Fellow hacker Eden (Faran Tahir, Iron Man) also wants to fix the human condition — by wiping out humanity. Yeah, that’s extreme and probably not entirely effective either. Director/Screenwriter Royce Gorsuch sets up a scenario where both main characters want to play God when neither are qualified to be the judge and jury of humanity. It’s not a terrible premise, but the execution is lacking.
Gorsuch liberally peppers the film with visual smoke and mirrors a la quick cuts, busy effects and psychedelic imagery will distract from a shallow plot. Mad Genius almost feels like walking into a movie that’s gone on for an hour with no way of catching up.
Seemingly important plot points and characters get dropped without revisiting and Gorsuch never bothers explaining why Mason is such a cult hero figure to the hacker community. Or why they are so enamored with his efforts and supportive of his plan to ‘fix’ their minds.
Eden is a simplistic evil character and Tahir plays him with a nice sinister edge. Mason lacks the presence to command the screen. Too often he comes off as clueless in spite of his presumed super intelligence. Finn isn’t quite wild or funny enough for Mechlowicz to do much with him, but he brings some much needed energy to the film.
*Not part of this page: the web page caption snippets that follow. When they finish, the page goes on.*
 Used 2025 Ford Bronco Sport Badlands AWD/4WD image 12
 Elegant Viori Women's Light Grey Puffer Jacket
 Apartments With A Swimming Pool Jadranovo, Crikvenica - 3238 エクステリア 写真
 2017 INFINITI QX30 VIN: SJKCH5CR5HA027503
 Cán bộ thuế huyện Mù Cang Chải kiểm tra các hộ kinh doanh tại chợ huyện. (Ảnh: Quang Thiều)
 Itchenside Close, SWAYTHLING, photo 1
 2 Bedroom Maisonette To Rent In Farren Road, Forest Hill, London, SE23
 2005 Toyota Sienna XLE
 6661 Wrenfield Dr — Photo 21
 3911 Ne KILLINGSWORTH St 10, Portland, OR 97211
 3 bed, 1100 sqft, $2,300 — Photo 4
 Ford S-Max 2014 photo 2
At least Mason has someone trying to keep him accountable in Sawyer (Spencer Locke, Insidious: The Last Key), a flower child who isn’t in to all the drugs and rave life Mason is accustomed. Gorsuch didn’t put much thought into his female characters. They’re treated like trophies at best and lust objects at worst. Even in the most bare bones romantic subplot there’s a few scenes to explain why the woman would be into the guy. In Mad Genius, it’s simply a function of the plot. The male characters just need someone for their pent up sexual frustration.
Gorsuch puts so much emphasis on style and out there visuals that occasionally he finds some winners. Mason’s glowing fox mask in his live stream alter ego Mr. Vix is a standout. And the glitch moments where Mason and Finn swap places is an interesting effect.
Overall, Gorsuch fails to deliver on the questions he raises. Maybe he presumes Mason’s swagger and Finn’s attitude will carry the film through its rough narrative patches? Mad Genius may win over hacker heads, but I’m happy to stay disconnected from this matrix.